Report this review (#41611)
Posted Thursday, August 4, 2005 | Review Permalink
5 stars This debut could become my favourite non-English language prog album! Funnily I enjoy Swedish for the sake of change (funnily because I hated svenska i skolan). But the voice itself - and harmony vocals - is very nice too. It reminds me of Spring and Tabula Rasa, and it's a perfect pair to the symphonic and slightly folkish sound. Emphasis on soaring keyboard and guitar melodies, it is clearly a 'Scandinavian' sound, not very far from CAMEL. Drums and bass are very enjoyable too.

Compositions are mainly by Hans Lundin (kb,voc), only two by Roine Stolt (who has also painted the cover picture). Since this is vintage stuff from the 70's, it may not be correct to compare it to Stolt's newer band The Flower Kings, but for me this beats FK by many miles. There is nothing useless in songs, they are rich and progressive enough without extremely complex structures. The emotion is there, and that's what matters most. 'Musiken är ljuset', music is light, and it really feels that way. It is music that cleans your mind.

Report this review (#55891)
Posted Friday, November 11, 2005 | Review Permalink
5 stars Oh, there were the times when Roine was young and The Flower Kings, Transatlantics and other Roine-related projects hadn't appear yet. Roine was young,he played guitar in awesome Swedish band KAIPA, which debut work I adore.

Proto-SINKADUS and pre-ANGLAGARD!!! Wonderful melodies, stuninnig musicianship and horrorful Svedishshsh language!!! :-) Sorry folks I prefer English. But vocal is great anyway.

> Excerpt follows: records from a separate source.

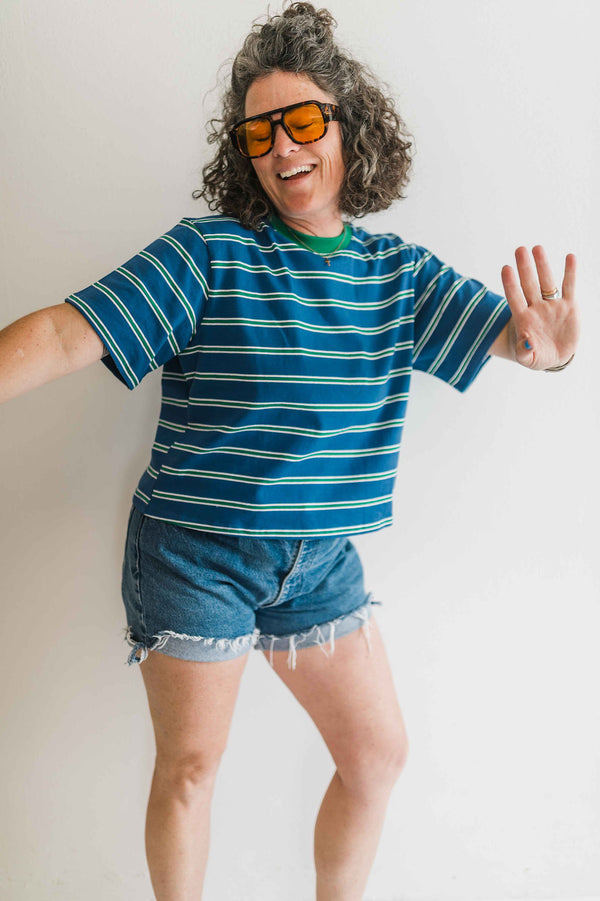 boxy stripe crop tee | blue + green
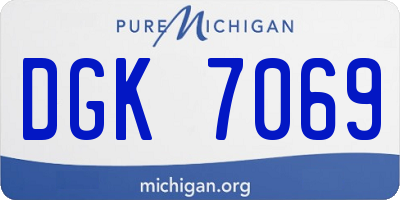 MI license plate DGK7069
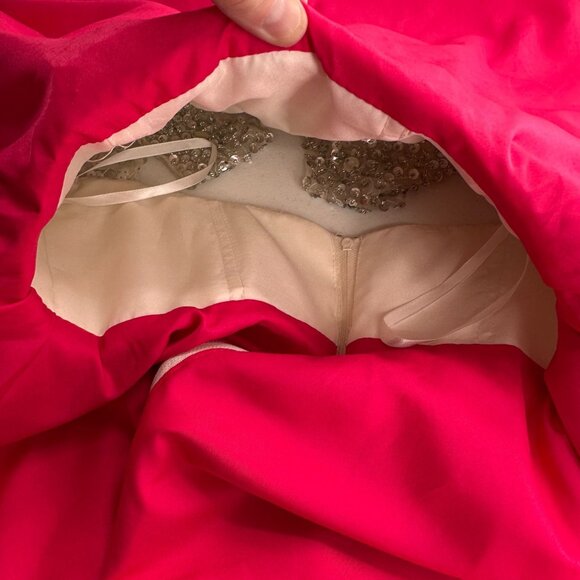 Beaded Rhinestone Bodice Pink Skater Dress Open Back Sleeveless Design Embellish - Picture 11 of 11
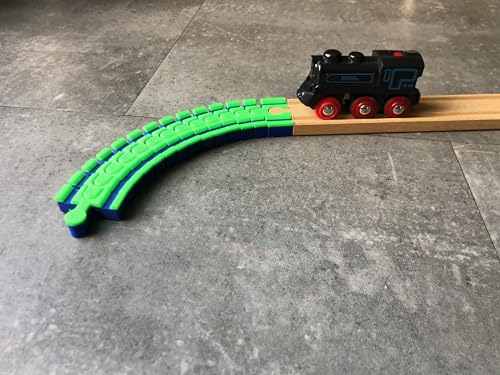 Extrem (!) Flexible Schiene für Brio, Lilabo, Bloxx Holzeisenbahn (blau-grün) von Buntiversum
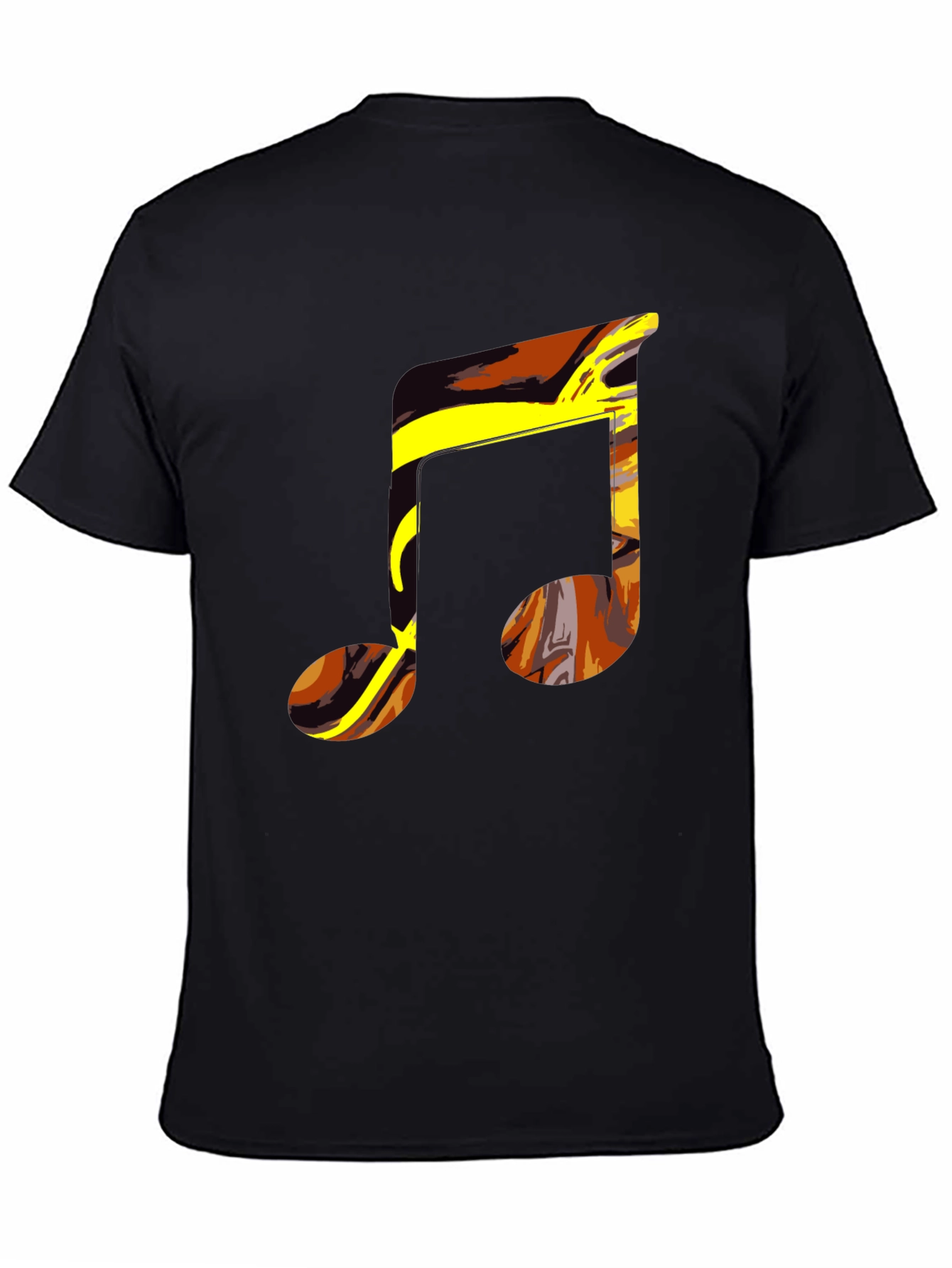 Abstract Music Note Graphic Tee - Black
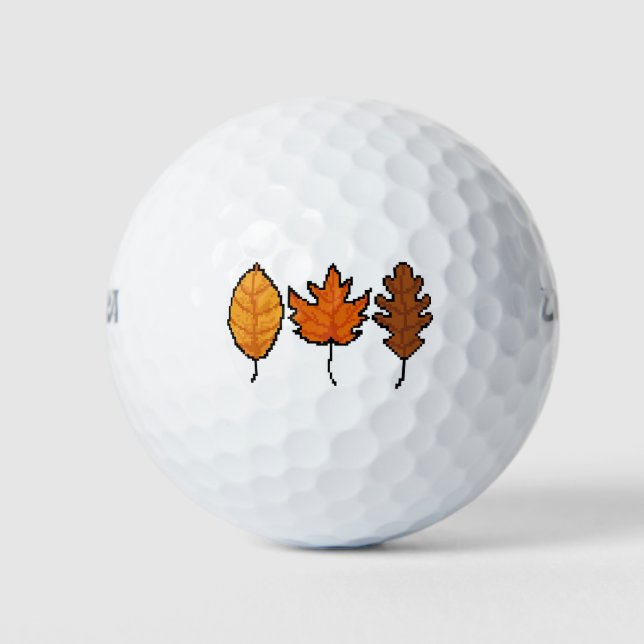 Autumn Pixel Leaves Golfball (Vorderseite)
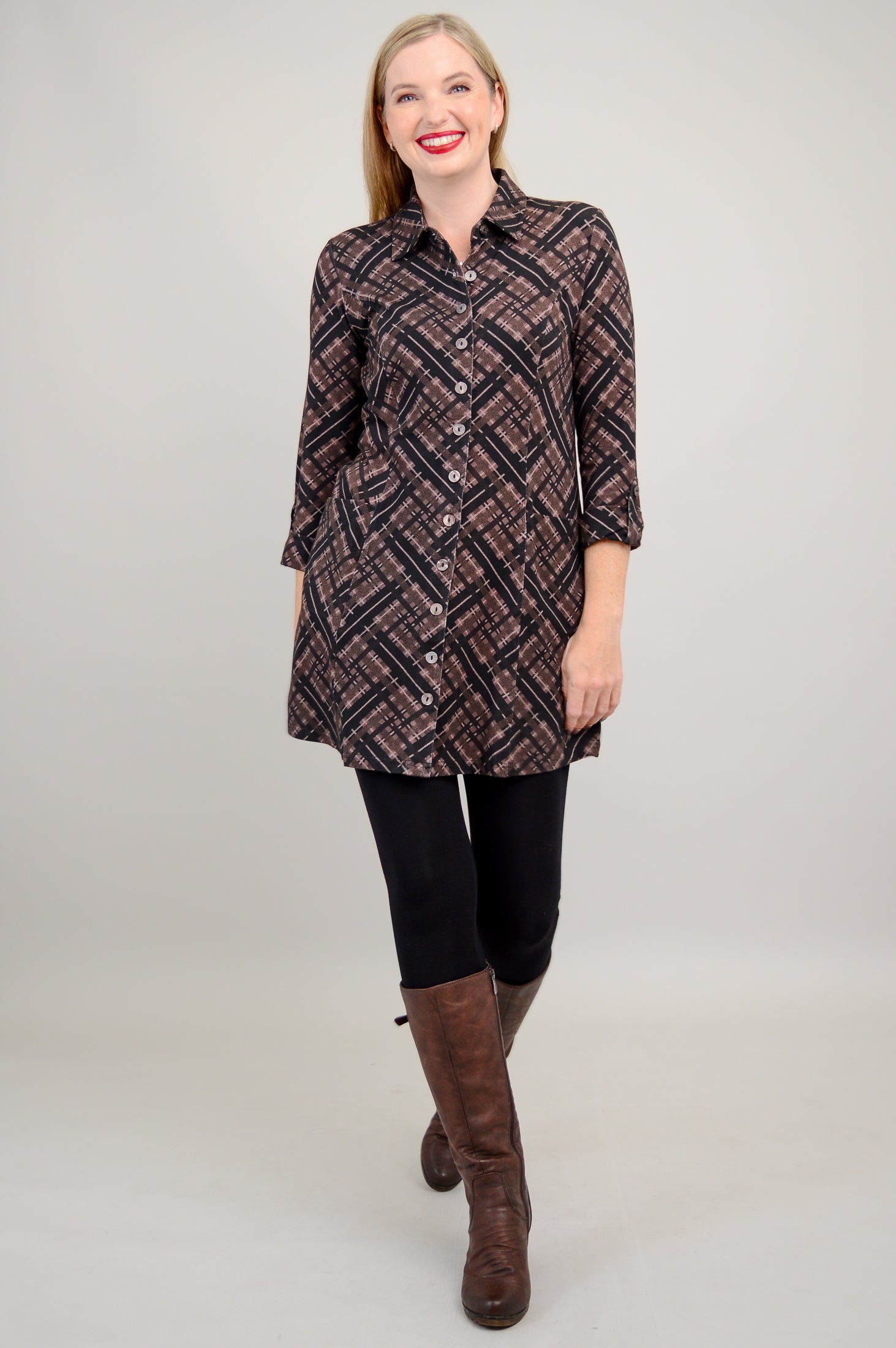 Charlie Tunic - Soft Bamboo Fabric Plaid Tops for Women | Final Sale | Perfect for Casual Wear, Office Outfits & Weekend Brunch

Dramatic themes as "Ankaret" and "Saker har tva sidor" create contrast with mild "Skogspromenad" which is simply classical music and opening "Musiken ar Ljuset" which I adore (kinda Scandinavian CAMEL!).

Well,this album is prominent one in Scandinavian Prog - just like "Per un Amico" by PFM in Italian Prog or "In the Court of the Crimson King" by King Crimson in English Prog. Evergreen classic and a must-have for every prog-fan. Highly recommended!!!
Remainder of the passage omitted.